A arquitetura de Louis Khan (Até um tijolo deseja ser alguém)

~A arquitetura de Louis Khan (Até um tijolo deseja ser alguém)

"Proposta Indecente" é um filme de 1993 que conta a história de um casal que se ama mas vive uma grande crise financeira, quando recebem uma proposta de um milionário excêntrico, que quer provar que o dinheiro compra tudo.

Assim, se a bela esposa aceitar ir para a cama com ele, por uma noite, o casal ganhará 1 milhão de dólares.

Acordo que depois trará angústias terríveis para o marido: arquiteto que que viverá forte drama de consciência, enquanto perde de vez a esposa para o milionário (Robert Redford) .

Eis que quando tudo já parecia perdido o marido de Demi Moore tem um insight ao meditar numa máxima do grande arquiteto Louis Khan: "Até o Tijolo quer ser alguém!".

Frase que antecede uma pergunta "Pergunte ao tijolo o que ele quer ser (uma piramide, uma catedral)? ", que está em um texto chamado "o concreto e o tijolo" e que pode ser conferida no You Tube: "Louis I. Kahn talks to a brick":

" Expressar é dirigir. Quando você quer dar PRESENÇA à alguma coisa, você precisa consultar a sua natureza. E é aí que entra o "design". Se você pensa na presença de um tijolo, você diz: - O que você quer, tijolo? E o tijolo responde:- Eu gosto de arcos. E se você diz ao tijolo

- Olha, arcos são caros e eu poderia usar uma verga de concreto sobre você. O que acha disso, tijolo? O tijolo diz: - Eu gosto de arcos. Por isso é importante que você honre e dignifique o material que você usa! Você não ignora o material como que dizendo, "Bem, nós temos um monte de materiais, podemos fazer isso de uma maneira ou outra." Não é verdade. Você deve honrar e glorificar o tijolo ao invés de trapaceá-lo e dar a ele uma função inferior, na qual ele perde seu caráter, por exemplo, quando você o usa como um tapa-buracos. Você pode ter a mesma conversa com concreto, papel-machê, plástico ou mármore, ou qualquer outro material. A beleza do que você cria vem de como você honra o material pelo que ele realmente é. Nunca use-o de forma subsidiária, fazendo o material esperar para a próxima pessoa que passe e honre seu caráter."

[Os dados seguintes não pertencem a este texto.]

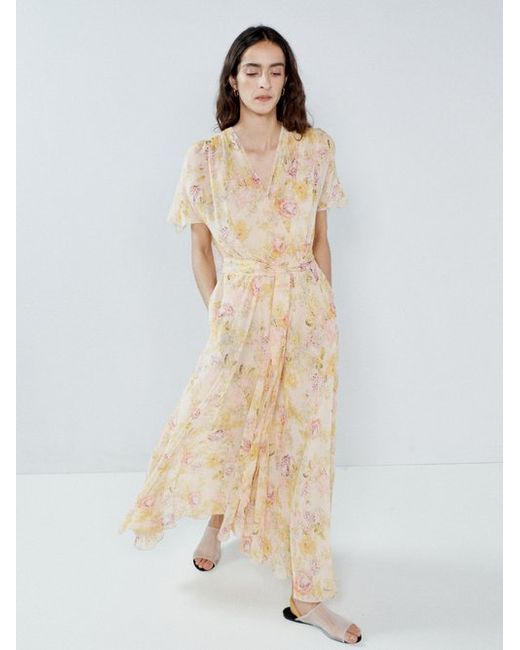Raey Acid Floral-print Tie-sleeve Silk Dress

A fábula do tijolo que acaba sendo o ponto crucial do filme "Proposta Indecente", pois o marido de Demi Moore assim reencontra o norte do seu sentimento amoroso pela esposa, depois de cometer um tremendo erro que lhe custará o fim do casamento.

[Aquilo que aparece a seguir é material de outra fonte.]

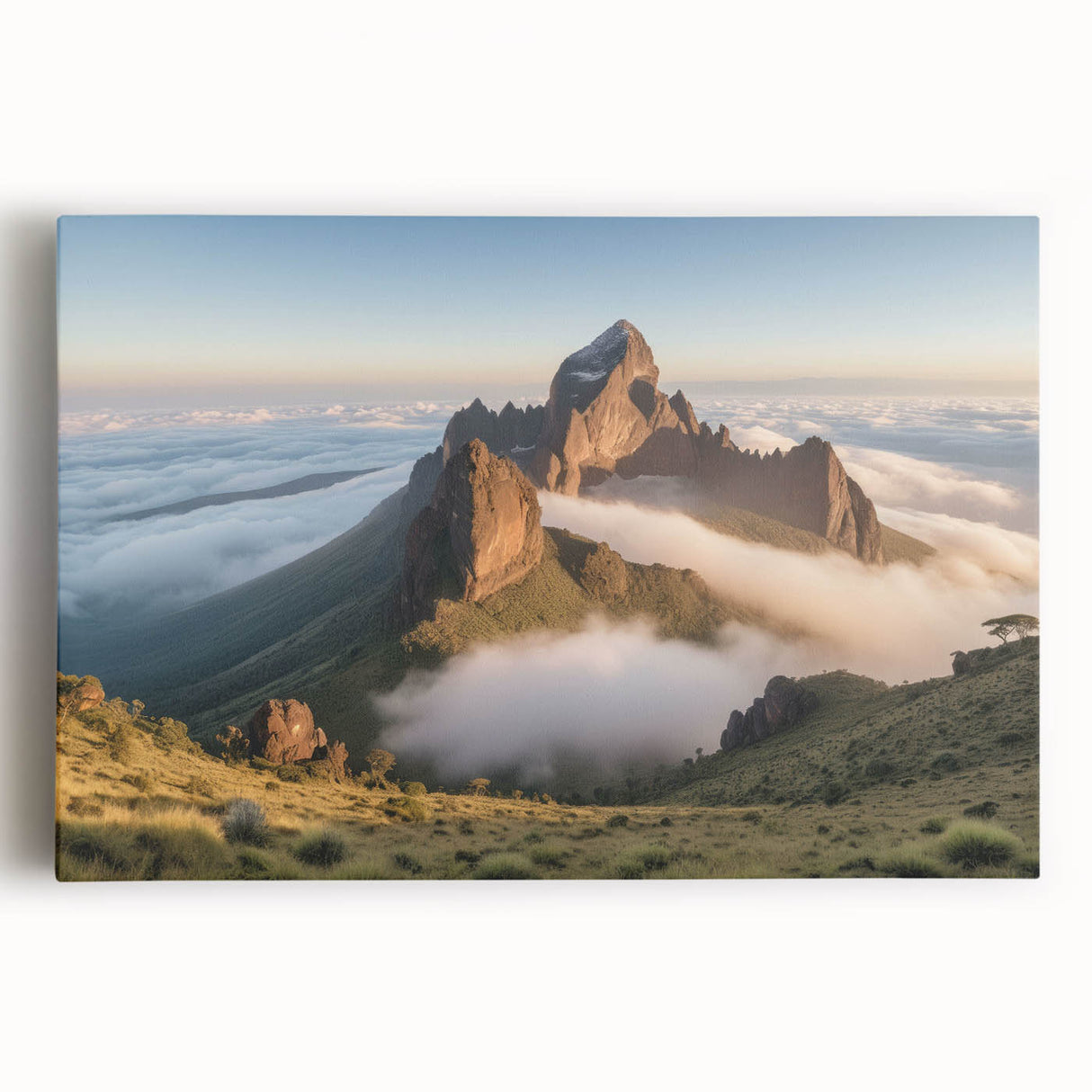 Black and white stretched canvas featuring a Kenyan landscape, ideal for kitchen wall art.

Kahn - acreditava que cada material tinha seu destino e não tolerava o desvio dele - quando aí se tem um fundamento filosófico para pensar no caráter sagrado do casamento, e das coisas imateriais que cuidam de estruturá-lo.

Portanto o filme não usa de puro moralismo mas de uma questão filosófica e artística.

David que depois de perder a esposa, e moralmente ir ao fundo do poço, sai como uma espécie de iluminação ao refletir sobre o ensinamento de Khan. Quando começa a dar aula de arquitetura.

Neste momento ele mostra um tijolo e pergunta para a classe: vocês podem me dizer o que estão vendo? Um deles responde: um tijolo. E o que mais? Uma arma, responde outro estudante que consegue risadas do restante da turma.

Nesse momento o professor diz que Louis Khan ensina que até os tijolos querem ser alguma coisa. Ao mesmo tempo projeta imagens das pirâmides do Egito, colunas gregas do Panteão, catedrais góticas, e continua com o pensamento de Khan: " Aspirações; até os tijolos tem aspirações, eles querem crescer (entra o slide do Empire States)".

A classe que até a pouco ria do tijolo poder ser uma arma agora esta emocionada. O professor continua: "mesmo um tijolo comum quer ser algo mais do que o que é! Ele quer ser algo melhor! E é isto o que nós precisamos, é isso que devemos sentir: -devemos aprender a ouvir o tijolo". A aula acaba e no final dela entra um yuppie, que perdeu toda a explicação.

( a proposta decente de Khan )

Ao longo deste filme, parece que o dinheiro é o único regulador da existência humana; quando se tem a impressão de que a dignidade humana pode ter um preço.

Mas no final o arquiteto encontra nos sentimentos, e na sua paixão pela esposa, a verdade e a sua dignidade. Não à toa Louis Khan está por trás daquela citação do tijolo, pois ele defendia a autonomia do seu trabalho, e a integridade de seu ser, sem estar atrelado a qualquer compromisso que pudesse mudar sua intenção.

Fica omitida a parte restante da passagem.